The pari passu principle and the statutory priority of costs are important cornerstones of the UK’s insolvency system and should be inviolable. As a result, despite the RPBs reference to consideration of the Code of Ethics, that consideration has to be put into context, and that context is the wider insolvency regime. 

We think that it is clear that the cases that the RPBs are particularly concerned about are those where the funds held in the company’s bank account are solely used to pay the costs of the liquidation or Administration. In those situations, they see the IP as having a self-interest threat in instructing the directors to remit the funds to them. The IP will have to apply the 3rd party test, i.e. what “a reasonable and informed 3rd party who weighs all the relevant facts and circumstances that the IP knows, or could reasonably, be expected to know, would be likely to conclude”. After applying that test the conclusion could possibly be that in giving such advice the IP is NOT complying with the fundamental principles. There is a clear self-interest threat in such cases. However, the alternatives to not remitting the funds to the IP and/or the directors not using the funds to pay the costs of the insolvency procedure, are either that the directors have to pay the costs personally, or the company is denied access to an insolvency procedure, something that is not in the interests of the creditors as a whole. Consequently, an IP should be able to conclude in their file note in the vast majority of cases that it is appropriate to advise the directors to remit the funds to them and/or use them to pay their fees pre-appointment. The IP will also have to identify the threat and evaluate the threat when completing their ethics checklist.
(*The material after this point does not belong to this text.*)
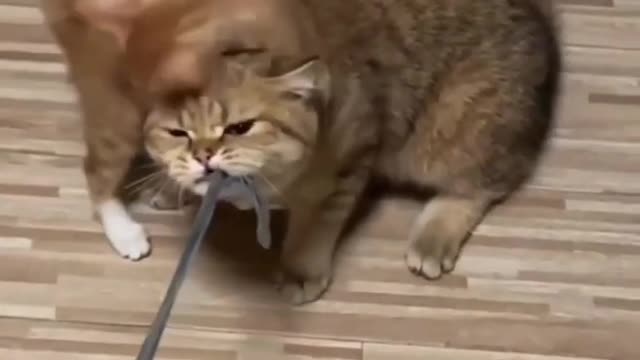 Funniest_Cat_And_Dogs_Funny_Animal_Videos_2022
Finally, another area that is of concern to the RPBs is where the company’s borrowings are secured by a floating charge. In our original Blog Article we suggested that where a company had given floating charge security in respect of its borrowings an IP should not advise the directors to remit the bank balance to them. Having thought about it, we consider that the situation is less clear cut than where the company has not given any security. As a result, it is certainly harder for an IP to justify advising the directors to remit the bank balance to them, but there is no prohibition from doing so, as long as the approach can be justified in the case in question. That is the sort of situation where, as the RPB’s note to FAQ10 indicates, an IP is going to need advice.